US 11,755,888 B1
Method and system for accelerating score-based generative models with preconditioned diffusion sampling
Li Zhang, Shanghai (CN); Hengyuan Ma, Shanghai (CN); Xiatian Zhu, Shanghai (CN); and Jianfeng Feng, Shanghai (CN)
Assigned to FUDAN UNIVERSITY, Shanghai (CN)
Filed by Fudan University, Shanghai (CN)
Filed on Jan. 9, 2023, as Appl. No. 18/151,923.

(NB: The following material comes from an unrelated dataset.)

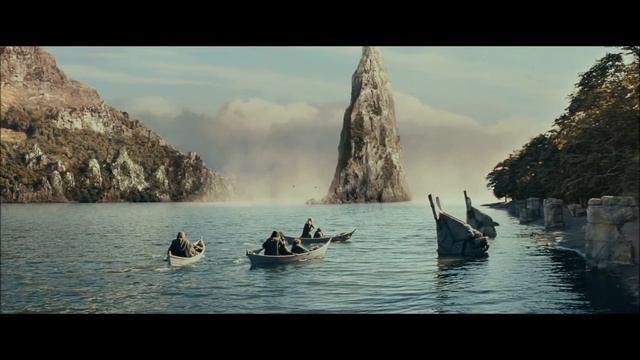LOTR The Fellowship of the Ring - The Argonath смотреть онлайн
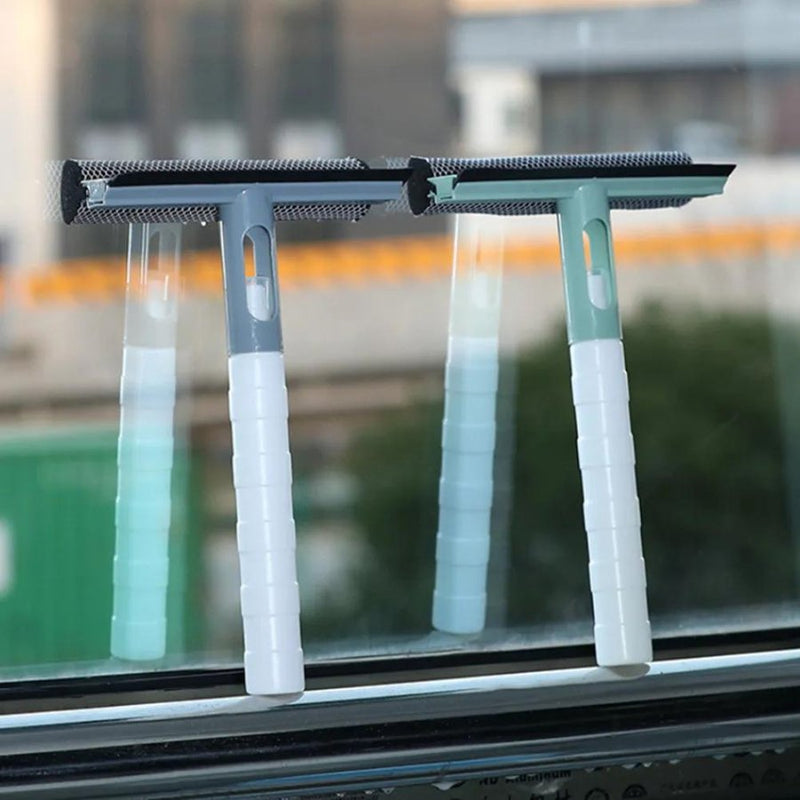 Glass Cleaning Tool With Spray Double-sided Window Glass Wiper - Cupindy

Int. Cl. G06N 3/0475 (2023.01)
CPC G06N 3/0475 (2023.01) 19 Claims
OG exemplary drawing
 
13. A system for accelerating score-based generative models (SGM), including a processor, which is adapted for running a computer program to implement computer instructions as follows:
setting a frequency mask (R) and a space mask (A) for a given dataset, wherein the frequency mask (R) and the space mask (A) both have a same shape as a data point in the dataset;
setting a target sampling iteration number (T);
sampling an initial sample (x0) which is a random Gaussian vector, having the same shape as a data point in the dataset;
conducting iteration, for each iteration number (t) from 1 to the target sampling iteration number (T), conducting steps comprising:
sampling a noise term which has a same shape as an initial sample;
applying a preconditioned diffusion sampling (PDS) operator (M) to the noise term to generate a preconditioned noise term, wherein the PDS operator is constructed as follows:
(a) using Fast Fourier Transform (FFT) to generate a first mapped vector by mapping an input vector in a space domain into the frequency domain;
(b) adjusting the first mapped vector using the frequency mask (R), wherein the frequency mask (R) regulates the frequency coordinates of the input vector and is in element-wise multiplication with the first mapped vector;
(c) mapping the adjusted first mapped vector back to the space domain by the inverse of Fast Fourier Transform to generate a second mapped vector; and
(d) using the space mask (A) to regulate the pixel coordinates of the input vector, wherein the space mask is in element-wise multiplication with the second mapped vector;
wherein the elements of the frequency mask (R) are all positive;
calculating a drift term by an update function which has input parameters including the sample of the previous iteration (xt−1), the present iteration number, and the present step size;
applying the transpose of the PDS operator (MT) and then applying the PDS operator (M) to the drift term, to generate a preconditioned drift term; and
calculating the summation of the preconditioned drift term and a scale term, and then taking a real part of the summation for the diffusion of the sample of present iteration (xt); wherein the scale term controls the scale of the noise term; and
outputting the sample of the final iteration (xT), which obeys the distribution of the dataset.